それではエンジンも温まってきたところで、走り出してみましょう。
おもむろにグワシと目一杯クラッチレバーを握って、ギアを1速に入れます。
クラッチの切れ具合にもよるし、シフターに対する加工にもよりますが、ノーマルの4速では、
知らなければ「ぶ、っぶっ壊れる!」と思うくらい、グワッシャンと1速ギアが入ることがありますが、
まあいつもではないし、実際そのまま壊れれることもなく、かえってびびって、中途半端に
シフターを壊してしまわないように、思い切り良く入れます(笑。

半クラ短めでさっさと走り出すと、思いのほかマイルドな加速で走り始めます。
目の前の景色は、1メーターの下に4つのコーションランプが並ぶシンプルなもの。
ハンドルはハーレー的にはフラットバーと言いますが、幅が狭く(700mm程度)やや高めで、
楽チンですが、やや絞れているため、オイラは脇が窮屈に感じます。
広めのフラットバーに変えて走るのが、ノーマルスタイルのオイラの理想ですが、
ノーマルハンドルは、フロントの感じ方がやや重く、動かしづらく感じるのはオイラだけですかね。
まあ余計な加重やこじることができないようにできています。
そのままシフトアップしていくと、街中の車の後ろでは3速で走行することになります。

ノーマルだと4速に入るのが60kmくらいですが、このとき3速で走っていると意外とエンジンを
回して走る感覚です。
ぶん回すことに慣れてしまえば、何でもありませんが、慣れないとシフトアップしたくなるくらい
回して走るものの、実際には4速に入らず、一般的な車の流れの50~60kmは、
4速のギアにはあっていない感じがします。
5速になるとずっと走りやすくなるものの、ギアの間が広い4速ではそう感じます。
開けて走っているときは、このギアの感覚が大またな加速の伸びとして感じられ、
もうちょっと回そうかな~と引っ張って走るのが楽しく、特に3速の60km以上の伸びは、
4速に入れるのを忘れるくらいですが、ミッションを考えると偶に位にしています(笑。

ノーマルの4速では、実際に走り出すと速度の伸びも加速も、よく言えばマイルド、
はっきり言うとドン臭いため、「う~ん?」ってな感じになってしまいますが、
当時の883はすべて1200にボアアップされてしまったなどという噂が出てしまうのにも、
このようなわけがあります。
まさにとても900CCもあるバイクの加速じゃないって事です。
この辺は前述のようにマフラーを変えると一変します。
当時多くは直管に近いものでしたが、オイラも最近はうるさいのがダメになってきたので、
マフラーは1200S用にするでしょうね。
正直1200S用でも他の社外マフラーに比べればマイルドですが、トルクが太く感じるのも事実で、
低速側はずっと走りやすくなります。

ついでの吸気もちょいといじれば、今のオイラならそれで満足できてしまうでしょうね。
4速の加速の伸びは独特で、次のシフトをしようかなと思っているところから、スロットルを開けていくと、
思いのほか良く伸びます。
吸排気をやって、ついでに電装もいじってあれば尚更です。
結局楽しく乗るためにそこかよ見たいな感じですが、スポーツスターらしさを感じる部分でもありますね。

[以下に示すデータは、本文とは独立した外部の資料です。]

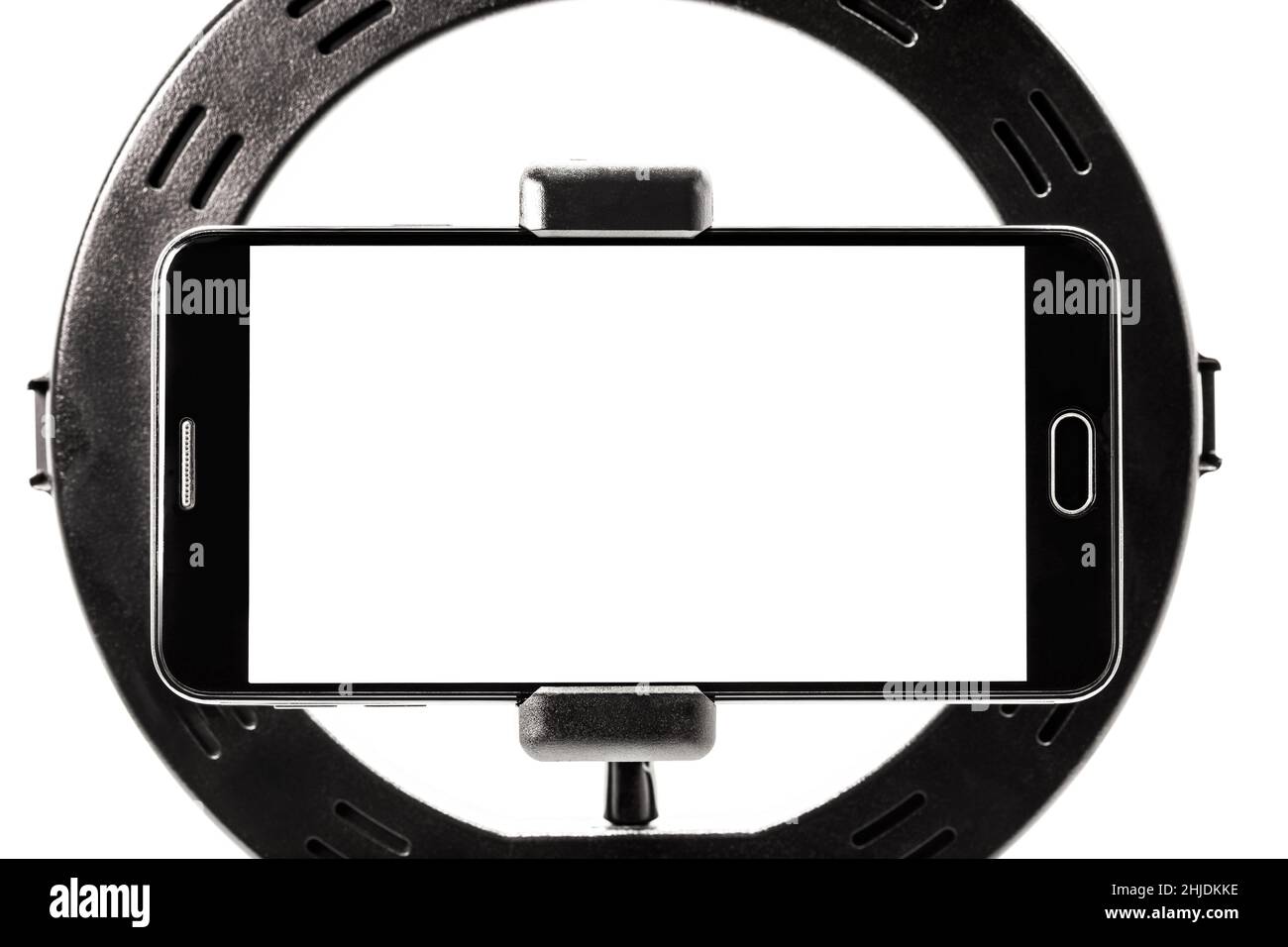 Ring Light template tripe with isolated white background, smartphone shooting horizontal with space for text or photo. Stock Photo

ノーマルハンドルとそら豆シートが作り出すポジションは、巨人のオイラにとっては窮屈です(笑。
オイラにとってはシート座面を前後に移動できないそら豆シートが特にダメで、
シートもすぐに変えてしまいましたが、薄いものより厚いもののほうが乗り安く感じます。
これまた不人気で、ノーマルで付いていた1200はすべて外してしまったと言われる、
1200用の応接間のソファーのようなピロータックWシートが、気が付けばすごく走りやすい
シートだったと今でも思っています。

後に低く、広いハンドルで上体を前へ追いやると、ステップの位置とそら豆シートが付くポジションが、
ひどく走りやすいものだったのが、後年分かるのですが、このポジションの設定で、同じ車体から
受ける印象がすごく変わることは、CRJを製作したときも同じように感じたことです。

ドノーマルで走り出すと、とても900CCあるバイクと思えないほど、ドン臭いダッシュと加速。
重さだけはしっかり200kg級に感じます。
前後のサスもどことなく落ち着きがなく、硬いのか柔らかいのか分からない印象で、
リアサスなどは、1度ゆれだすといつまでもゆれたままだし、どうなってるのかよく分からない
走りを感じます。
それに最初についていた四角く硬いだけのダンロップのタイヤが、拍車をかけました(笑。

但し、ただ一点だけ確実にスポーツスターらしさを感じる部分もあります。
それは積極的にコーナーでも直線でも開けて走るとき、その片鱗を垣間見せてくれます。
コーナーでは早めのブレーキで効かない減速を補い、スロットルを開けながら曲がると、
安定してグイグイ向きを変えていきます。
直線では巡航させず、シフトせずに開け続けるとグ~ンと伸びながら加速し続けます。

そんな一点を見つけることができたからこそ、しぶとく今まで乗ってこれたと思います。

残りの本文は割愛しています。